More than one factor has been contributing to the question. The first is one of form. Ever since I began in ceramics, I have been deeply impressed by classic coiled pottery forms. In particular I have admired Minoan ceramics, which I feel are not given enough attention. Their decoration is so perfectly in accord with the forms beneath, everything so balanced into a single unit of aesthetic excellence. But beyond this, I love the shapes, and the shapes are by no means natural to wheel-thrown work.
More recently I've begun paying closer attention to the traditional ceramics of the Americas. These, again, are hand-built, not wheel-thrown. A recent series of vases - still unfired - found me attempting to simulate these effects on the wheel. It is not so much a question of it being difficult, but rather of it being unnatural to the technique. I suppose I am being a bit of a purist, but why should I attempt these forms on the wheel when they are in their native element coiled?

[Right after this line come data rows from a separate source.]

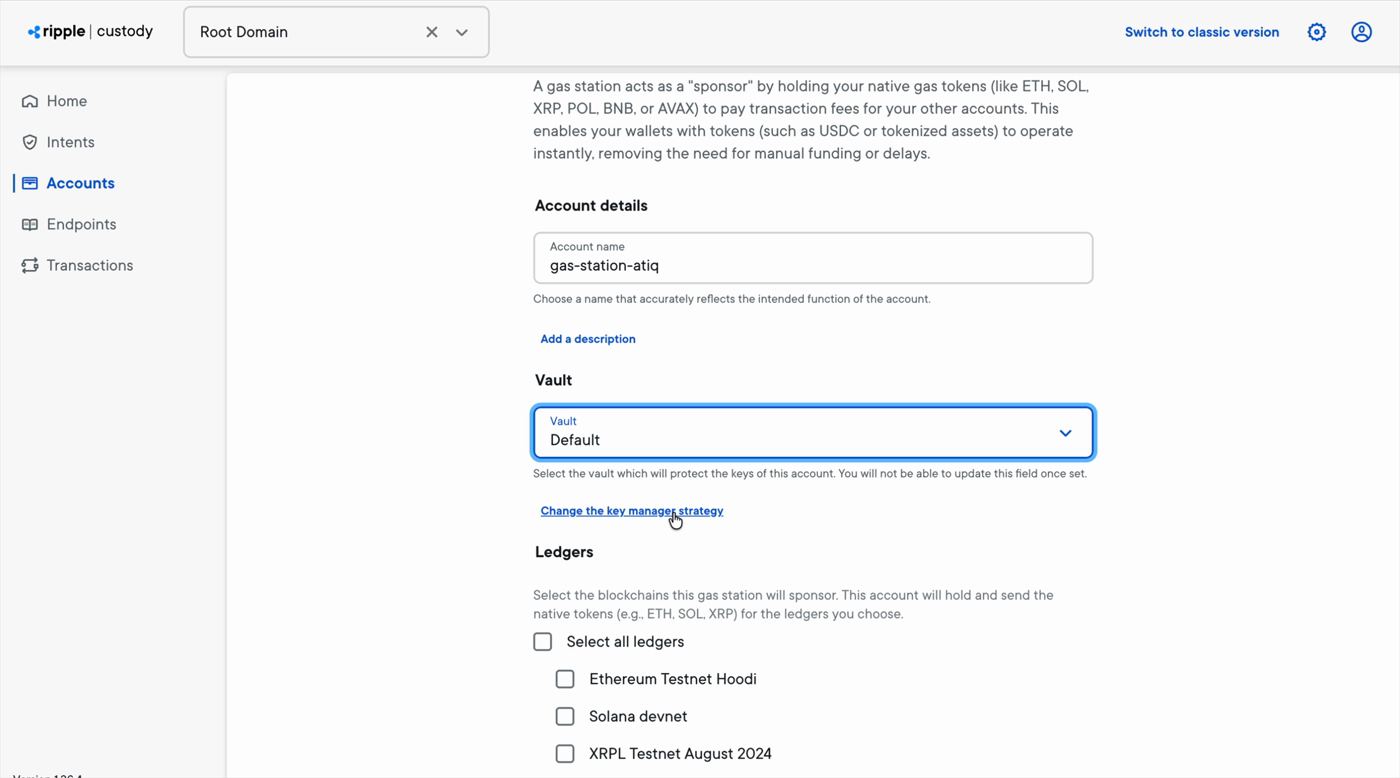The gas station creation form with account details, vault, and ledger fields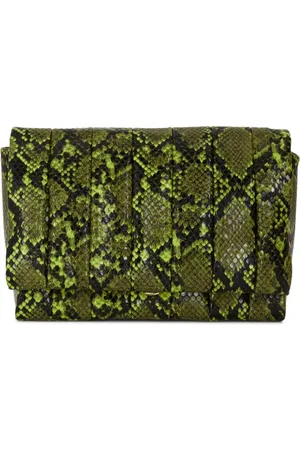 THEMOIRÈ Snakeskin-effect clutch bag
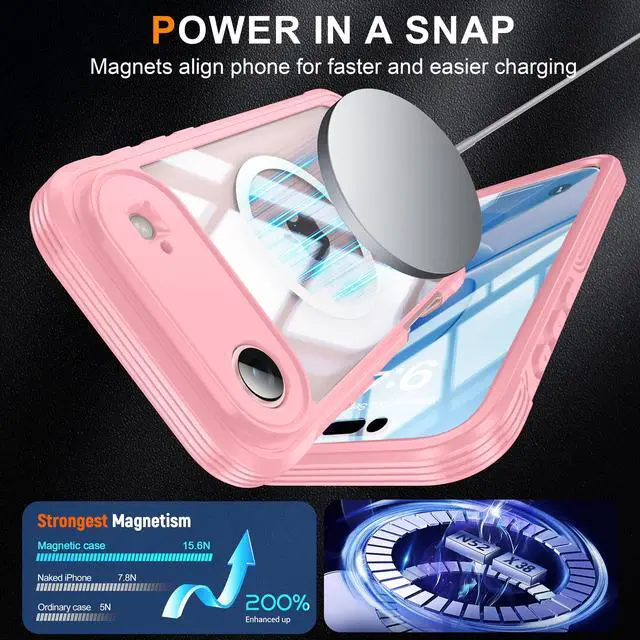 Alt view image 4 of 5 - WERLEO Magnetic Case for iPhone Air with Built-in Screen Protector, Shockproof Phone Cover with Camera Protector, Compatible with MagSafe, Full Body Phone Case Pink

|Two unfired vases from the series inspired by traditional coiled forms
Truth to tell, I've never coiled pottery successfully. I've never been interested in learning. Till now.
So I have been spending quite a bit of time studying up lately. And among other things I find that many traditional techniques from around the world commence the coiling with a base formed inside a slump mould. This mould, in which the piece remains until the pot's form is complete, provides support to its lower section as it increases in height. It is a coiled version of all the care that goes into gauging how thick to throw the walls near the base of a wheel-formed pot.
I decided to give myself the advantage of starting with such a mould in my earliest experiments. This meant making the mould. I went out to the wheel... Yes, I threw the basic form! Old habits will die hard if they die at all! I prepared everything for casting; and my sister, who knows how I detest mould-making, kindly did the actual pouring.
I half-intended to let the form dry and shrink inside the cast plaster, but my sister reminded me that I had used my stoneware clay. This is my own recipe; it is quite plastic and is notoriously tough when fully dried - not the typical fragile greenware of less plastic clay bodies. So I dug out the form, which released easily from the still damp plaster, leaving the new mould almost ready to go.